Random Computer Snippets

Author:Brant C. Faircloth
Copyright:This documentation is available under a Creative Commons (CC-BY) license.

All of the following assume that you are using the Z shell (zsh). These may or may not work in BASH.

Modification History

See Random Computer Snippets

Subsample reads for R1 and R2 using seqtk

READS=2000000
for dir in /path/to/your/clearn/data/dir/from/illumiprocesser/*;
do
        RAND=$RANDOM;
        echo $RAND;
        for file in $dir/split-adapter-quality-trimmed/*-READ[1-2]*;
        do
                echo $file;
                seqtk sample -s $RAND $file $READS | gzip > $file:t:r:r.SUBSAMPLE.fastq.gz
        done;
done

Download data for multiple files from NCBI SRA

First, create a list of SRRs in a file, sra-records.txt, that looks something like:

SRR453553
SRR453556
SRR453559
SRR453277
SRR453409
SRR453550
SRR452995
SRR453269
SRR453270
SRR453274
SRR453263

Be sure to use fasterq-dump, it’s actually fast.

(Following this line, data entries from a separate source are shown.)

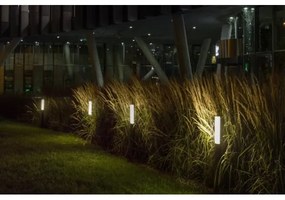 RED - Design Rendl - R10548 - LED Kültéri lámpa VADIS LED/8W/230V IP54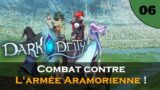 Combat contre l'armée Aramorienne ! | Dark Deity – Let's Play FR #6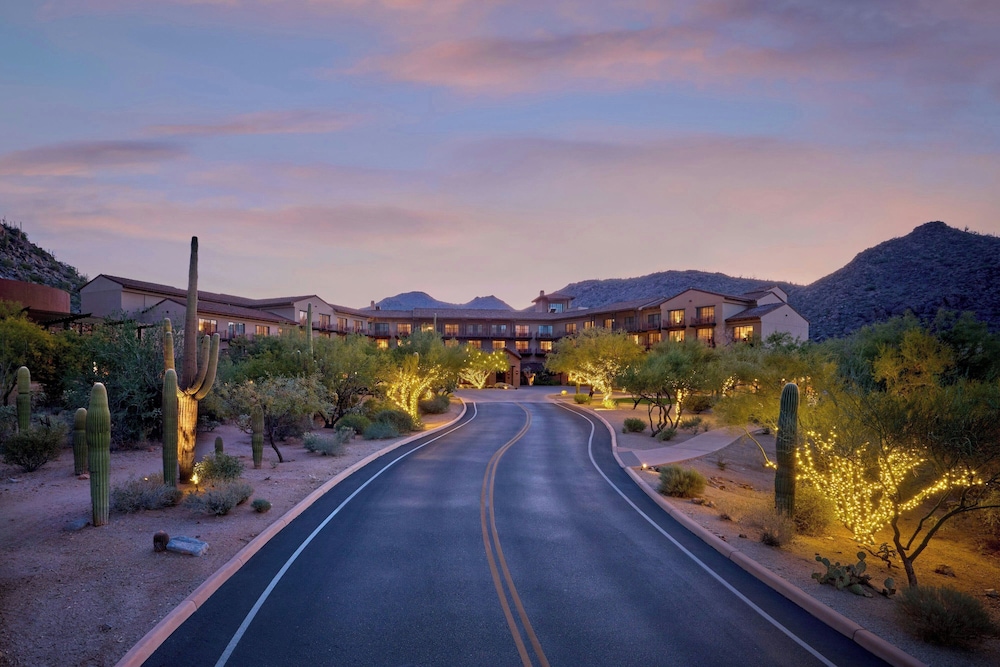 The Ritz Carlton Dove Mountain - photo 111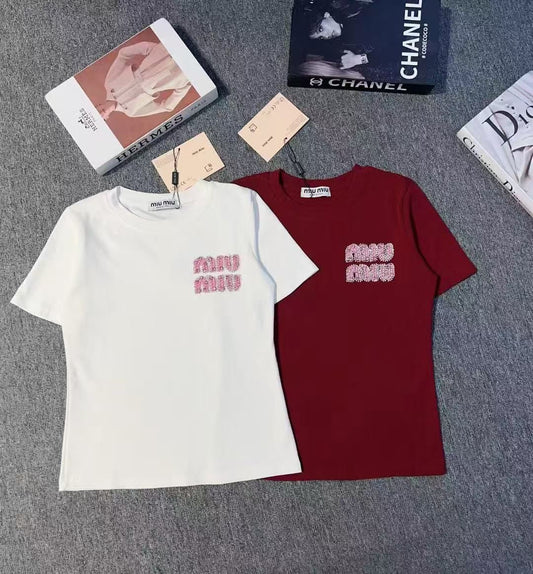 Miu miu Tshirt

It will use 6 threads by default:

for record in `cat sra-records.txt`;
do
        echo $record;
        fastq-dump $record;
done

Zip or unzip many files in parallel

Make sure you have GNU Parallel installed. Then:

# to GZIP files
# navigate to the directory containing the files
cd /my/dir/with/files
parallel gzip ::: *

# to GUNZIP files
# navigate to the directory containing the files
cd /my/dir/with/files
parallel gunzip ::: *

The same can be applied to many tar.gz files in a directory by replacing gzip or gunzip with tar -cf or tar -zf or tar -jf.